What you have to do
Each line from the one with "𝐂𝐚𝐬𝐬𝐢𝐞 𝐃𝐢𝐥𝐥𝐚𝐫𝐝 (@cassandraskyway)" through the last line below must be written out exactly. Do not copy pictures.
**** Recorded information ****
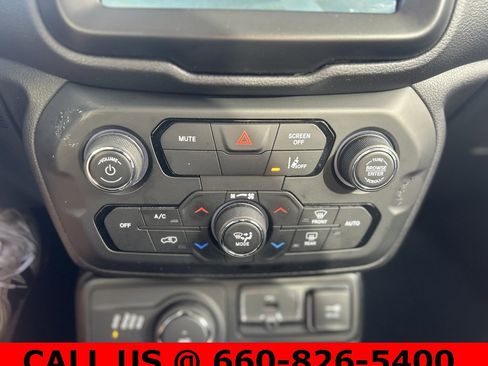 Used 2023 Jeep Renegade Latitude image 16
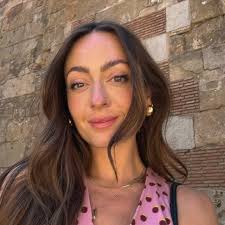 𝐂𝐚𝐬𝐬𝐢𝐞 𝐃𝐢𝐥𝐥𝐚𝐫𝐝 (@cassandraskyway) • Instagram photos and videos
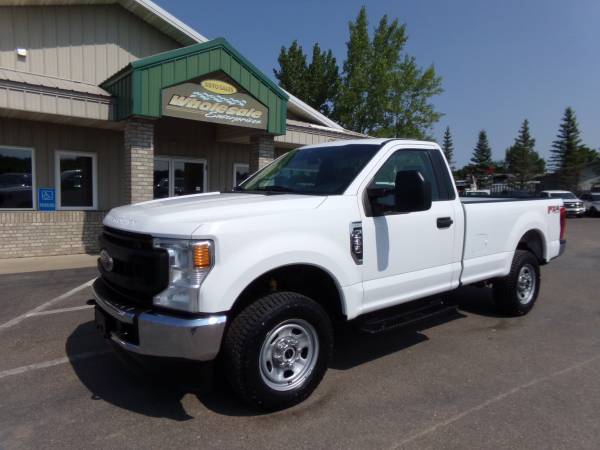 2021 Ford, dovoz USA — foto 2 z 12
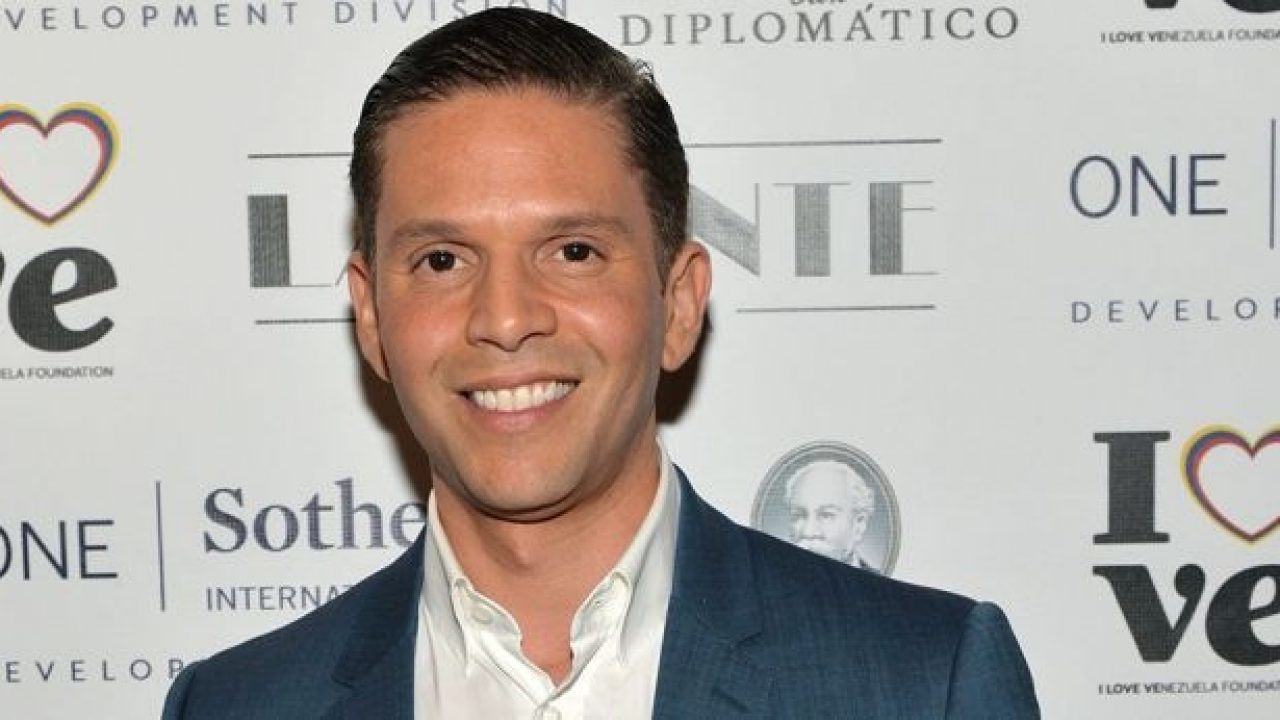 El Fashionista Rodner Figueroa se une al Pre-Show de Premios Soberano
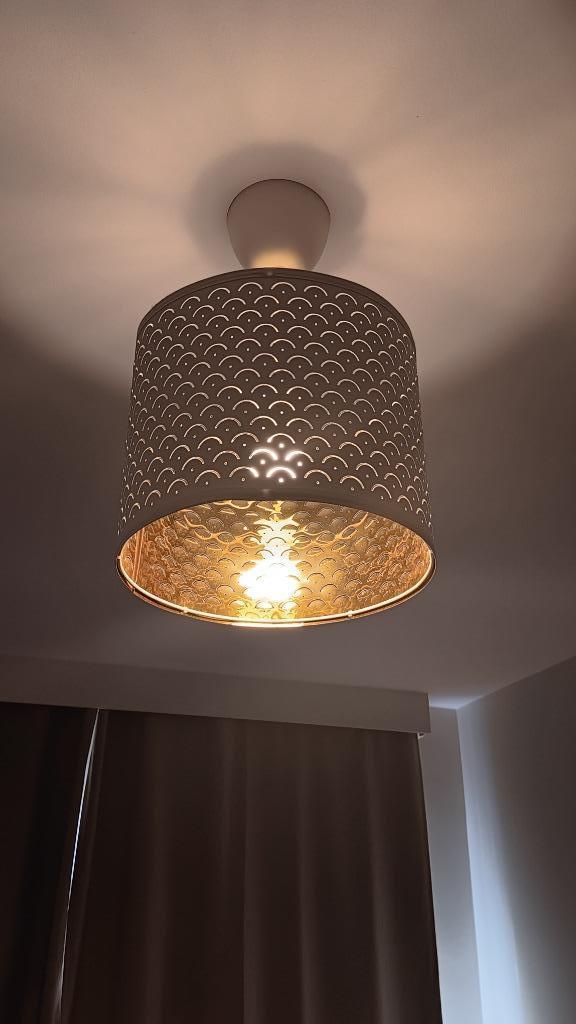 2 Lustres Ikea nymo rose et or comme neufs, Huis en Inrichting, Lampen | Kroonluchters, Zo goed als nieuw, Metaal, Stof, Ophalen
****
Exercise solution
 𝐂𝐚𝐬𝐬𝐢𝐞 𝐃𝐢𝐥𝐥𝐚𝐫𝐝 (@cassandraskyway) • Instagram photos and videos
 2021 Ford, dovoz USA — foto 2 z 12
 El Fashionista Rodner Figueroa se une al Pre-Show de Premios Soberano
 2 Lustres Ikea nymo rose et or comme neufs, Huis en Inrichting, Lampen | Kroonluchters, Zo goed als nieuw, Metaal, Stof, Ophalen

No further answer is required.